The answer must be every line from the entries below that contains "kitchen".

BEGIN MATERIAL SUPPLIED

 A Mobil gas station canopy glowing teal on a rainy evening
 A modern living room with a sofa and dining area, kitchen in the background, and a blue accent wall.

END MATERIAL SUPPLIED
BEGIN MATERIAL SUPPLIED

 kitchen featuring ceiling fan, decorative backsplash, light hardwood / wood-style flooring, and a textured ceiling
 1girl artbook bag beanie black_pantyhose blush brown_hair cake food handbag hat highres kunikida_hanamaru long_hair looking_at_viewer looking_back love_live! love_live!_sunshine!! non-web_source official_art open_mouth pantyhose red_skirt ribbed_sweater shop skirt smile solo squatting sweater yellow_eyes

END MATERIAL SUPPLIED

### RESULT BELOW
 A modern living room with a sofa and dining area, kitchen in the background, and a blue accent wall.
 kitchen featuring ceiling fan, decorative backsplash, light hardwood / wood-style flooring, and a textured ceiling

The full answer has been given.